What is FILSPARI's new EU approval status for IgA Nephropathy treatment (CSLLY)?

The European Commission has converted FILSPARI's conditional marketing approval to standard marketing authorization for treating adults with IgA Nephropathy, effective April 2025. This approval applies to all EU member states, Iceland, Liechtenstein, and Norway.

Where is FILSPARI currently available in Europe for IgA Nephropathy patients?

As of April 2025, FILSPARI is available in Germany, Austria, and Switzerland, following its initial conditional marketing authorization from April 2024.

What makes FILSPARI unique in treating IgA Nephropathy in Europe?

FILSPARI is the only Dual Endothelin Angiotensin Receptor Antagonist (DEARA) approved in Europe for IgA Nephropathy treatment. It's a non-immunosuppressive therapy that has shown significant benefits in slowing kidney function decline.

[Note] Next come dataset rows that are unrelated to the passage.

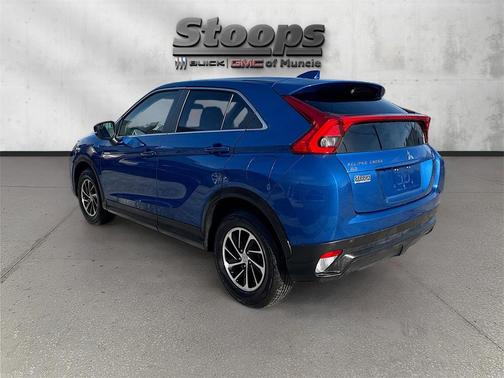 2020 Mitsubishi Eclipse Cross ES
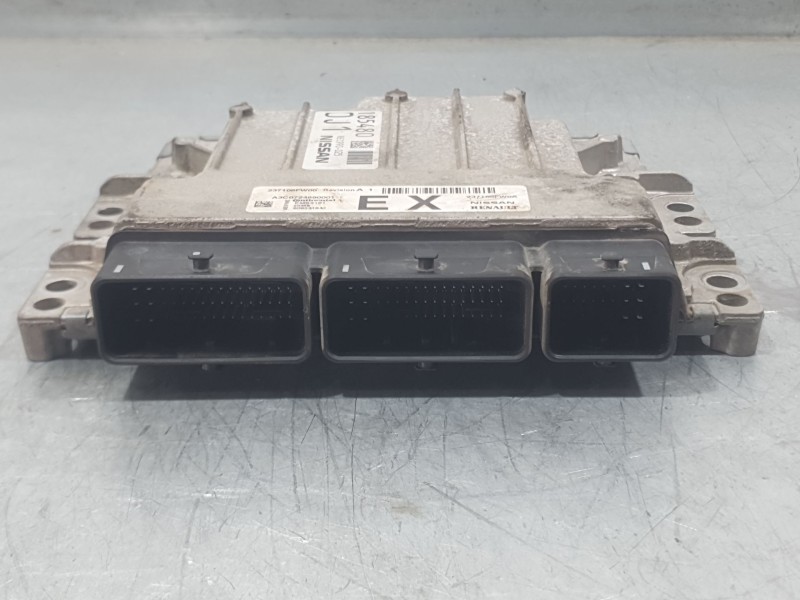 Recambio de centralita motor uce para nissan qashqai ii (j11, j11_) 1.3 dig-t referencia OEM IAM 237108FW0A A3C0724890001 CONTIN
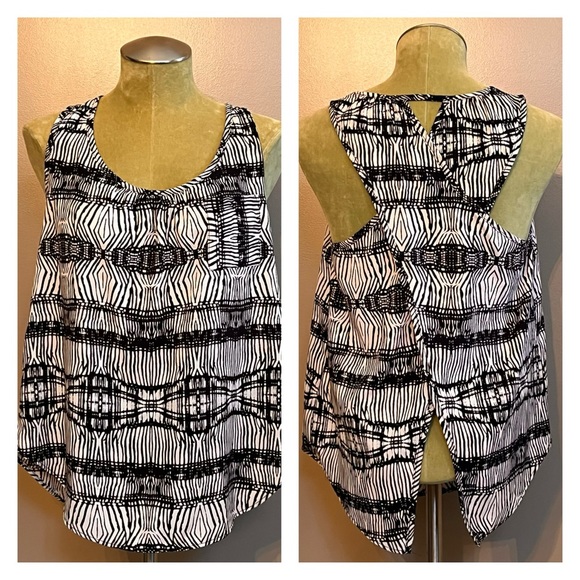 2b bebe open-back tank - Picture 1 of 5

What clinical evidence supported FILSPARI's standard EU approval?

The approval was based on the phase-III PROTECT study results, which demonstrated that FILSPARI significantly slowed kidney function decline over two years compared to irbesartan.

Who can receive FILSPARI treatment under the new EU approval?

FILSPARI is approved for adult patients with primary IgA nephropathy who have a urine protein excretion of ≥1.0 g/day or urine protein-to-creatinine ratio ≥0.75 g/g.